Kan. labor officials paint improving economy

Kansas Labor officials say state's economy continues to recover from lows hit in recession

Associated Press

TOPEKA, Kan. (AP) -- The impact of Kansas' recent income tax cut on the state's job market won't be known for three to five years, a state economist said Wednesday, but the overall economic outlook was improving.

The tax cuts were enacted in 2012 and took effect Jan. 1, lowering the individual income tax rates and eliminating taxes for nearly 200,000 certain businesses.

Inayat Noormohmad, chief labor economist for the Kansas Department of Labor, said it's typical to not immediately see how such policy changes affect the economy.

Noormohmad said Kansas was seeing improvement in job creation, personal income and gross state domestic product as it recovers from the recession.

"It will be interesting to see what the future holds," he said. "It is difficult to predict if this is the new normal for job growth."

His assessment was part of the annual "State of Labor" address by Kansas Department of Labor Secretary Lana Gordon. The speech, which included the release of the 2012 economic overview, is scheduled to coincide with the Labor Day observance.

Kansas has seen a slight increase in its unemployment rate recently, rising to 5.9 percent in July from 5.8 percent in June. Gordon and others have attributed it to more people entering the job market — including recent college graduates — and seeking employment as economic conditions improve.

The average unemployment rate in 2012 was 5.7 percent compared to 6.5 percent in 2011.
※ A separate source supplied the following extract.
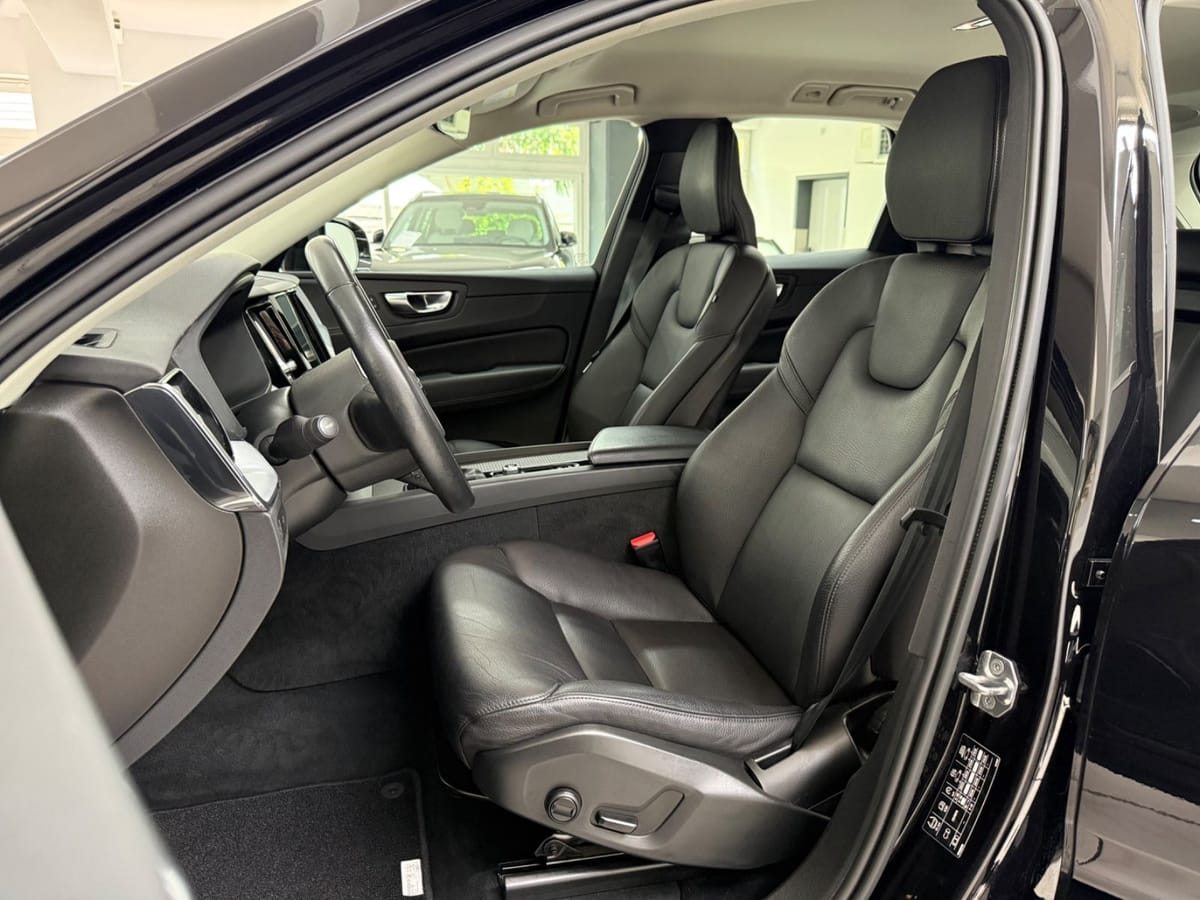 Volvo XC60 Momentum Pro AWD Leder H&K Navi Shz Kamera foto 15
The state added 18,100 jobs in 2012, a 1.4 percent increase, the highest percentage increase in five years, Gordon said. It was also the first time since 2007 that growth was more than 1 percent.

Kansas has added 82,100 jobs since the lowest point of the recession in January 2010.

Noormohmad said Kansas isn't immune to global economic pressures, such as the Syrian conflict or the slowing of growth in China and India, which could blunt future activities.

However, state economist Tyler Tenbrink said the bigger pressure was the reduction of government spending at all levels. He said when governments eliminate jobs, it puts more pressure on the private sector to create more employment opportunities in order sustain growth.

"Budgets are going to be difficult to deal with going forward," Tenbrink said.